Absolutely, the liberal media is stronger and more influential than it was in 2000. But you can draw a venn diagram between strictly left-wing media and mainstream political reporting, and in the intersection, you will find "explanatory, fact-checking reporting," enabled by the endless archives and space of the Internet. And it's this stuff, not the left-wing character assassination, that has really upended Stevens-ism. In The Big Enchilada, his memoir of the Bush campaign, Stevens remembers -- many times -- how Team Bush was able to throw the press off of ugly stories. Any minor Gore exagerrations would be used to portray Gore as a liar, someone whose attacks on the Bush record must be bunk. "We needed to communicate to voters that the same guy who exaggerates his own record would surely do the same when it came to his opponent's," wrote Stevens. "If we could help voters make that connection, it would go a long way toward 'blowing up the aircraft carrier instead of shooting down the planes,' as it was known in political circles."

As it happens, I don’t disagree with this. I just think Weigel is reading me too narrowly. I’m not suggesting that a handful of crazed left-wing bloggers directly upended the way campaigns had been run. The causality isn't nearly as clean as that. What upended the media landscape for campaigns is the overall backlash against the tactics Bush used in 2000. That backlash gave rise to both the lefty bloggers and (eventually) the mainstream fact-checkers. 

But—and this is the point I was making in my piece—the backlash itself was a liberal one.
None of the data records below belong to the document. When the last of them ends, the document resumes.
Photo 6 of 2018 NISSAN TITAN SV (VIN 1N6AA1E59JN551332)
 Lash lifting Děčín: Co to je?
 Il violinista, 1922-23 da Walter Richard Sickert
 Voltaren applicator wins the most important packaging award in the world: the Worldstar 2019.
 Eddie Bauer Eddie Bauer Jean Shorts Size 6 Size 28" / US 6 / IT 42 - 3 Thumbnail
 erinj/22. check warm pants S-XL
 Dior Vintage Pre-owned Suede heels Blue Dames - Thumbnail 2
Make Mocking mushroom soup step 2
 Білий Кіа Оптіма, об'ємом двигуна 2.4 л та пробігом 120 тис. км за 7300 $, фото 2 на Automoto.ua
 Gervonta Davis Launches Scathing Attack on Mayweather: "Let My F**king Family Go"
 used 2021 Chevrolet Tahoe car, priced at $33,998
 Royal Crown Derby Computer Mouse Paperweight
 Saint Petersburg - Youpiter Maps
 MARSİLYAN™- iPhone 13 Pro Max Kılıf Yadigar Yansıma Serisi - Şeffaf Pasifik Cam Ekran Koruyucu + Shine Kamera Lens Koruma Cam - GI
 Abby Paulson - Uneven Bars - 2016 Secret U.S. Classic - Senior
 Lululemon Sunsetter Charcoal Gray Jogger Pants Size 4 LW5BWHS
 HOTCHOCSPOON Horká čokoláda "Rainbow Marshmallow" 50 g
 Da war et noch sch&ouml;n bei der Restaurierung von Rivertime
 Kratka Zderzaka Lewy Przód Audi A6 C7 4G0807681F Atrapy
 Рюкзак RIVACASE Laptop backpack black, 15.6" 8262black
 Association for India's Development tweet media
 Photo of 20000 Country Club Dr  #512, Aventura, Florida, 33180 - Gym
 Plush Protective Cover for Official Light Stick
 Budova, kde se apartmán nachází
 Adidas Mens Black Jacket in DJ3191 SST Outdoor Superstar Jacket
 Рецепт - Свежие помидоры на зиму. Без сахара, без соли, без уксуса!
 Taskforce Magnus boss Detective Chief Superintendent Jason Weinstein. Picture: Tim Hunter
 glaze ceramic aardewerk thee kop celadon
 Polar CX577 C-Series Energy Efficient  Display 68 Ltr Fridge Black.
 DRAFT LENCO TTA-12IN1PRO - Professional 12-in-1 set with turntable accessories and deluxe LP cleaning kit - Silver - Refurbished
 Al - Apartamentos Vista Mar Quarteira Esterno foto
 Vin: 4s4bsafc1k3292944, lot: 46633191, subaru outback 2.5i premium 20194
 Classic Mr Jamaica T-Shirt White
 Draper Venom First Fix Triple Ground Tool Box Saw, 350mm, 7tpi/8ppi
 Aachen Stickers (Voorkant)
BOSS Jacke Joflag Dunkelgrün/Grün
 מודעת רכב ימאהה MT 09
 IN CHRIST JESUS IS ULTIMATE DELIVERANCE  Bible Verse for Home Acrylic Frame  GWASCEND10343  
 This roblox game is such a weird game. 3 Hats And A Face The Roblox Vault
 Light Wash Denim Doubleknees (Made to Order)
If not for the overwhelmingly liberal critique of the methods Stevens writes about, and which mainstream reporters largely fell for, the media wouldn’t have had the same sense of dropping the ball. Nor would it be as devoted to the whole fact-checking enterprise. (Though I agree that, mechanically at least, the Internet made it possible.) I distinctly recall friends at mainstream outlets in the years between 2001 and 2004 taking up blogging for the first time and just getting annihilated in arguments with liberal bloggers, who were bang on in their criticisms. It’s hard to overstate the effect of those first few years of web-interaction on the mainstream media. 

Relatedly, when I refer to the liberal-industrial-complex, I’m referring to a far, far broader universe of people than those engaged in “left-wing character assassination.” Most of the people I’d place in that community—including most of the contributors at outlets like MSNBC, Talking Points Memo, Daily Kos, Mother Jones, Ezra Klein’s operation at The Washington Post, and (yes) The New Republic—engage in pretty serious and scrupulous reporting and analysis. It just comes from a clear liberal perspective.